Lorsque les convives partirent se coucher (il était déjà treize heures !), Luskar allégua un début de migraine pour éviter un tête-à-tête embarrassant avec sa belle-sœur. Il rêvait d'occuper cette journée de la même façon que la précédente : en plongeant sous ses couvertures. Mais, trop habitué à rester aux aguets pour se laisser happer par les songe, le sommeil lui échappa. Il abandonna l'idée du repos. Quitte à être éveillé, autant s'occuper l'esprit en essayant de réparer les bévues de son frère — à défaut des siennes. Il partit donc en quête d'Azupama, et la trouva dehors, assise sur un rebord de pierre, à observer le trou béant de la mine. Un instant, Luskar cru qu'elle envisageait de se jeter dans la fosse (réaction bien naturelle pour quiconque serait condamné à passer la fin de ses jours ici), mais il se rassura vite. Elle gribouillait, en fait, dans un carnet. Sur le papier, un gouffre était esquissé au crayon et entouré d'annotations rédigées dans un alphabet inconnu.

Azupama le remarqua et lui adressa un sourire solaire — le même sourire qu'elle était parvenue à maintenir tout au long du repas, même face à l'expression de buffle de Jrahir. Luskar en éprouva d'autant plus d'incompréhension à l'égard de son frère. Avait-il seulement essayé de parler à sa fiancée ?

Luskar lui proposa de visiter Kressen, dépeuplée à ces heures-là. Il sélectionna à dessein les endroits les moins lugubres. Puisque Azupama était destinée à vivre ici, autant ne pas l'effrayer tout de suite. Après avoir parcouru l'alvéole rocheuse que l'on utilisait comme place du marché, ils regagnèrent les terrasses extérieures de Kressen. Au milieu de l'après-midi, l'ombre des montagnes avait déjà mangé la ville.

Derrière lui, Azupama avançait à pas prudent, yeux rivés sur les pavés irréguliers de la rue.

« On s'y fait, dit-il. À l'obscurité. Vous vous y habituerez aussi. »

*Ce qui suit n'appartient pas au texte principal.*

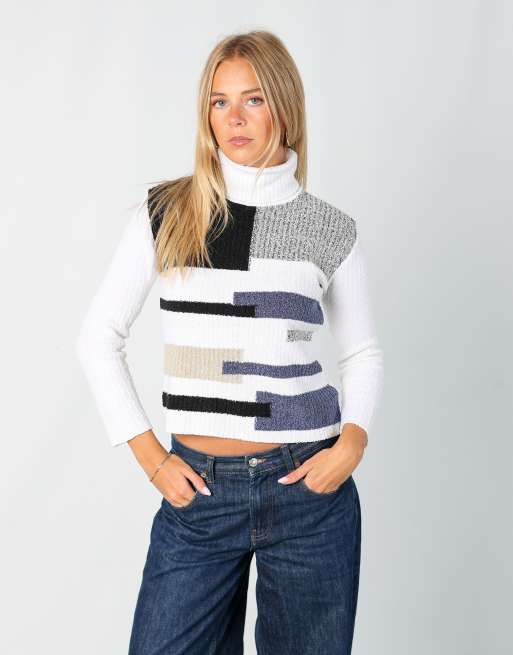 Vintage Remel London S knitted jumper in ivory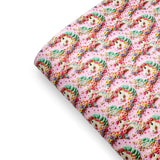Pastel Fairytale Unicorn 3D Premium Faux Leather Fabric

Luskar vouvoyait rarement, surtout les gens de son âge. Il usait le moins de déférence possible envers ceux qui attendaient précisément des marques de respect — mais il n'imaginait pas s'adresser autrement à Azupama. Peut-être était-ce l'aura que lui conféraient ses origines lointaines. Les médisances sur l'Azla ne manquaient pas, pourtant. Il n'était pas rare, dans les discussions de comptoir et dans les vieux proverbes, qu'on assimile les Azliens aux animaux les moins glorieux. Azupama discréditait tous ces racontars, sans avoir à lever un seul doigt.

Elle répondit, avec un accent qui transformait l'âpreté des « r » en une sonorité roulante : « J'espère m'habituer avant de me casser une jambe. »

Sortie du temple, Azupama avait surpris tous les Strotiel : elle parlait déjà le rurien. Sa prononciation rendait inintelligible la moitié de ses mots, mais elle utilisait un vocabulaire plus élaboré que la plupart des crétins de Kressen. Elle s'était plongée toute entière dans des manuels linguistiques à l'annonce de ses Promesses, avait-elle expliqué.

« L'institut est par ici. Il faut que l'on aille chercher Jrahir », dit Luskar.

Azuma releva la tête vers Luskar. « Nous accompagnerez-vous, ce soir ? »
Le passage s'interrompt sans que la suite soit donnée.